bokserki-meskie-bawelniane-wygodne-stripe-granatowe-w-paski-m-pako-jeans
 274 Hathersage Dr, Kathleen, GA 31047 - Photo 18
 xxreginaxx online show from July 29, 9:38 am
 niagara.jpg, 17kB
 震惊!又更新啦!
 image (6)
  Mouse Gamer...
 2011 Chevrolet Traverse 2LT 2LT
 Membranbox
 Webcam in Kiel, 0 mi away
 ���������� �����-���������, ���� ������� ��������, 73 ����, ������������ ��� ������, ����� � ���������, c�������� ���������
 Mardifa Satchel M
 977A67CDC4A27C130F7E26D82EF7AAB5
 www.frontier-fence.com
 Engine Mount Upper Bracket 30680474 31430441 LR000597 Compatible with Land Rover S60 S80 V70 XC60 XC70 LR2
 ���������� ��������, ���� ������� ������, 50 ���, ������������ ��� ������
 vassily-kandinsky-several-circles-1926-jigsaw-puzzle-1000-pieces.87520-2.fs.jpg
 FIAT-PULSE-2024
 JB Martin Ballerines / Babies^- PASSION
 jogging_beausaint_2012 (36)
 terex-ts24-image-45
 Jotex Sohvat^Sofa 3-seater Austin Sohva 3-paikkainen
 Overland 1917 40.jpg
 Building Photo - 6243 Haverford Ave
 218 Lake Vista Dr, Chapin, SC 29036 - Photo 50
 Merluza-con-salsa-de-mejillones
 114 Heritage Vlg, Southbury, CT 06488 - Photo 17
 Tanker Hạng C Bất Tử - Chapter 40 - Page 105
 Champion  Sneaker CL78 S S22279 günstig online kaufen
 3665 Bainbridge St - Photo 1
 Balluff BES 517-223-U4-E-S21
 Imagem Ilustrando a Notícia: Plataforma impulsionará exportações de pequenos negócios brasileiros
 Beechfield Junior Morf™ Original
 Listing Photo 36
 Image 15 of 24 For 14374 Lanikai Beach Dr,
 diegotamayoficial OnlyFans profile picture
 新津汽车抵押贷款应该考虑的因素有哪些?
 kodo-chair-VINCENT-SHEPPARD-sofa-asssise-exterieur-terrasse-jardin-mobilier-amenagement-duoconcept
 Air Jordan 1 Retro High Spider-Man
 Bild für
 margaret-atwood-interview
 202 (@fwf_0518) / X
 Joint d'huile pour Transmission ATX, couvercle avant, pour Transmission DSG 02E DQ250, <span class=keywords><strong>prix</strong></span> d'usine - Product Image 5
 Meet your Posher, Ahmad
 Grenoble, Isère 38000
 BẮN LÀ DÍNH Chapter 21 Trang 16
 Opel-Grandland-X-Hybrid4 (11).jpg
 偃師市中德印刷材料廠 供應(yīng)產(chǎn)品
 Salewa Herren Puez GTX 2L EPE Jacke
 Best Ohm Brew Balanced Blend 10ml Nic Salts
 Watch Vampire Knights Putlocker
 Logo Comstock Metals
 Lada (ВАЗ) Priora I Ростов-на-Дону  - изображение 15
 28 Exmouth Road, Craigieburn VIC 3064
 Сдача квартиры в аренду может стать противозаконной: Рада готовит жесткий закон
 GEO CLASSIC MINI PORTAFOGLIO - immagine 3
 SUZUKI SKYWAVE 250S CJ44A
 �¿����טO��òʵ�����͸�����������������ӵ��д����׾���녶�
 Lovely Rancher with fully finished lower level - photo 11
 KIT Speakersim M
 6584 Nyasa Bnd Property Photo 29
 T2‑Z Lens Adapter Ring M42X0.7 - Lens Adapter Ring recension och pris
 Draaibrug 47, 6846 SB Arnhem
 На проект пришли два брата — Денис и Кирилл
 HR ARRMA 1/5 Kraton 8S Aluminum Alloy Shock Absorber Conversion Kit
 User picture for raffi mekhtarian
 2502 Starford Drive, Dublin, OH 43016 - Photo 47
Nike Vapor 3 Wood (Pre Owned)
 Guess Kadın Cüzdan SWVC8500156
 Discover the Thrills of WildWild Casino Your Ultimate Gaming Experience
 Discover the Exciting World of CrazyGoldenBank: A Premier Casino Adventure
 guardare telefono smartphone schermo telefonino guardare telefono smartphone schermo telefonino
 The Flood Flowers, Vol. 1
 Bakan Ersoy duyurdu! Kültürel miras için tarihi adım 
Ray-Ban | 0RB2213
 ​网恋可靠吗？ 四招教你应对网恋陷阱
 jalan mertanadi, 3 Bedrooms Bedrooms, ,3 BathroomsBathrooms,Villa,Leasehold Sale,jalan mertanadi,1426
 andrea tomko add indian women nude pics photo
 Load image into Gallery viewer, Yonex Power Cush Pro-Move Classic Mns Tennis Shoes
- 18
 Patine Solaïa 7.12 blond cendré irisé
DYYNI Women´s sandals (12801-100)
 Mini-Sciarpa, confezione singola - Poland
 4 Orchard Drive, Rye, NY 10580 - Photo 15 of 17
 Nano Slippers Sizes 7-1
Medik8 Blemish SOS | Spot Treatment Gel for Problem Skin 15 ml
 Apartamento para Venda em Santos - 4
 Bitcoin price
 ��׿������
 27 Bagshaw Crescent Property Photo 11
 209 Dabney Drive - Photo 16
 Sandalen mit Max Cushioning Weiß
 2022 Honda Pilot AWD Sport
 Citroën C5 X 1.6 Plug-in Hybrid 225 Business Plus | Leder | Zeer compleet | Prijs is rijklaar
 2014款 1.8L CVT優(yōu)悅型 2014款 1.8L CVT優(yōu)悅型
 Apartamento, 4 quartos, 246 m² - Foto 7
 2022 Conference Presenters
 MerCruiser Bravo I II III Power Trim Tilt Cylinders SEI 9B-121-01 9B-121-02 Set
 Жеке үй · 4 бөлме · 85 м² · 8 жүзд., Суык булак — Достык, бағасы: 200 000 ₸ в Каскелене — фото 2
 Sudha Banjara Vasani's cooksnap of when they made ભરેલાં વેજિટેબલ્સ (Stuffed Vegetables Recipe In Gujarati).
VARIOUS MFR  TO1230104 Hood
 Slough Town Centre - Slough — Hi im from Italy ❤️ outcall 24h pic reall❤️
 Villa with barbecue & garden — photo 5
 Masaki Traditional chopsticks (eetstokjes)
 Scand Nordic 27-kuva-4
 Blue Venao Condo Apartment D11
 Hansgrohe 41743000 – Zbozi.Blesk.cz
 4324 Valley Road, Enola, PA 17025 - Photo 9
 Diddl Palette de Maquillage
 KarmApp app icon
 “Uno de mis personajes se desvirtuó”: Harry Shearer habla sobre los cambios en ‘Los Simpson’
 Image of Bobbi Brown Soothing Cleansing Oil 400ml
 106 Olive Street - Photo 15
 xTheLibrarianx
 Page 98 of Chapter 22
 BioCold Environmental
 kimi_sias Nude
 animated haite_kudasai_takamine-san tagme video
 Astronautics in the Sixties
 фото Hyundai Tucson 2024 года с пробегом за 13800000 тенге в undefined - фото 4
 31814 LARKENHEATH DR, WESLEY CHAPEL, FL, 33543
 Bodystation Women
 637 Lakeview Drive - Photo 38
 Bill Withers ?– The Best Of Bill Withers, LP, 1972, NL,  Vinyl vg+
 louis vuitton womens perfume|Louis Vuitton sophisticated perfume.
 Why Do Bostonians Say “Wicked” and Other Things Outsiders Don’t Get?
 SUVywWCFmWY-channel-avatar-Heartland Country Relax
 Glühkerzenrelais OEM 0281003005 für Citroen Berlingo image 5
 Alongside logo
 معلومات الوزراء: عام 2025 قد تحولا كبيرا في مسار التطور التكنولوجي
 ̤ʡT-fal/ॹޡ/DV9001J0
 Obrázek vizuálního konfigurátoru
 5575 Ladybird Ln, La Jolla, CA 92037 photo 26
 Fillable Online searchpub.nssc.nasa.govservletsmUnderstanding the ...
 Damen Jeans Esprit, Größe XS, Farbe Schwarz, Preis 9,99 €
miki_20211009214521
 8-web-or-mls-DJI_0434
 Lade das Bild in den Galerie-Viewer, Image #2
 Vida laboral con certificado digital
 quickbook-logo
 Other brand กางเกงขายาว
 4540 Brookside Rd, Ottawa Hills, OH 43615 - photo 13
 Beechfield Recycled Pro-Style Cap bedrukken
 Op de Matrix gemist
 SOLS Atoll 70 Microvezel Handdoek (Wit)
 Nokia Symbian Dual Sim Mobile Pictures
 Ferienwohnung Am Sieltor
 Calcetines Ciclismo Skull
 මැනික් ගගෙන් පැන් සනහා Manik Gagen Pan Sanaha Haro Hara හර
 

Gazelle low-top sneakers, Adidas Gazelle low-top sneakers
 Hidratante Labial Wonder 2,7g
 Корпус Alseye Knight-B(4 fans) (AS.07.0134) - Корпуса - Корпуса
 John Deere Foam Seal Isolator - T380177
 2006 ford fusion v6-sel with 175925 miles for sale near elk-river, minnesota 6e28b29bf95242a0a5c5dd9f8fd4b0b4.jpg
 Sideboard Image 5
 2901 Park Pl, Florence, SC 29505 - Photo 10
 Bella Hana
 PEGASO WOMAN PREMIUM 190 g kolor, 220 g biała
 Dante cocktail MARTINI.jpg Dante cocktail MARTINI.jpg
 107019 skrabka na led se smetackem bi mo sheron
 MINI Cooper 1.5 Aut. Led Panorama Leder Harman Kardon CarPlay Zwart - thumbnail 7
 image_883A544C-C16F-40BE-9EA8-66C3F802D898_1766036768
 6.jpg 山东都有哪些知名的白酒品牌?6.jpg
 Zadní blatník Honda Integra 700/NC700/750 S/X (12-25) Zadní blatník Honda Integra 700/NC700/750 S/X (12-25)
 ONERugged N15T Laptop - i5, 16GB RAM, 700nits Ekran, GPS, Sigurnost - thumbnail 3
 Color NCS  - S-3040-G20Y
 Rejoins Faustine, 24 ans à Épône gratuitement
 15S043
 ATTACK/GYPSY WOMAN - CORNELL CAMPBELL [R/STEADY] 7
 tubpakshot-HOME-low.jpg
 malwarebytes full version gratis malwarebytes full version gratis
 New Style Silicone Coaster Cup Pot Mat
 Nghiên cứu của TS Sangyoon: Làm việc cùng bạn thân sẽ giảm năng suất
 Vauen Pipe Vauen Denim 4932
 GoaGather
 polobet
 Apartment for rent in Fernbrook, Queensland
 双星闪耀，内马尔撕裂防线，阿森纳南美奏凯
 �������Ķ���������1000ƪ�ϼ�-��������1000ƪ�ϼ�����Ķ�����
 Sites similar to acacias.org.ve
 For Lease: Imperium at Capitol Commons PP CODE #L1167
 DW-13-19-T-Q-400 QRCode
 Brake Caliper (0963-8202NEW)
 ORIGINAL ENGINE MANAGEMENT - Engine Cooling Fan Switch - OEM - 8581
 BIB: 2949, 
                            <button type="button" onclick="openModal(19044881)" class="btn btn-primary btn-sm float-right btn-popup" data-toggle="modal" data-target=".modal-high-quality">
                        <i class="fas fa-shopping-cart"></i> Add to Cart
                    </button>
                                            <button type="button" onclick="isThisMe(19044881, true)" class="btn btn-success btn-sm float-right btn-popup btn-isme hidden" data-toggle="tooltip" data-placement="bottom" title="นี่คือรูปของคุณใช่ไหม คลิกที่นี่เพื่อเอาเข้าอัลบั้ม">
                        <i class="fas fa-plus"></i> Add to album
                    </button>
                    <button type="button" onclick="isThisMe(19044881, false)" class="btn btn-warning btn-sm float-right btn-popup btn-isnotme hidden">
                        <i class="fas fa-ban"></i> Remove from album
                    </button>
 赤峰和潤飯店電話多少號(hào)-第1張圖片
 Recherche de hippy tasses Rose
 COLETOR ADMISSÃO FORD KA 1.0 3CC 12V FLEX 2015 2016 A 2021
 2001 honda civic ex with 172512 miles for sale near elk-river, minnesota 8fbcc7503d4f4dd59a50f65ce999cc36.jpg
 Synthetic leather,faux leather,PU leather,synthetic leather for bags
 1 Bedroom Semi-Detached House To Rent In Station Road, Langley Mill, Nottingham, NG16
▬▬▬▬▬▬
-- Instructions for the task --
With the line that has "günstig online kaufen" as the first and the line that has "diegotamayoficial OnlyFans profile picture" as the last, repeat exactly that run of lines above and no more.

-- Exercise response --
 Champion  Sneaker CL78 S S22279 günstig online kaufen
 3665 Bainbridge St - Photo 1
 Balluff BES 517-223-U4-E-S21
 Imagem Ilustrando a Notícia: Plataforma impulsionará exportações de pequenos negócios brasileiros
 Beechfield Junior Morf™ Original
 Listing Photo 36
 Image 15 of 24 For 14374 Lanikai Beach Dr,
 diegotamayoficial OnlyFans profile picture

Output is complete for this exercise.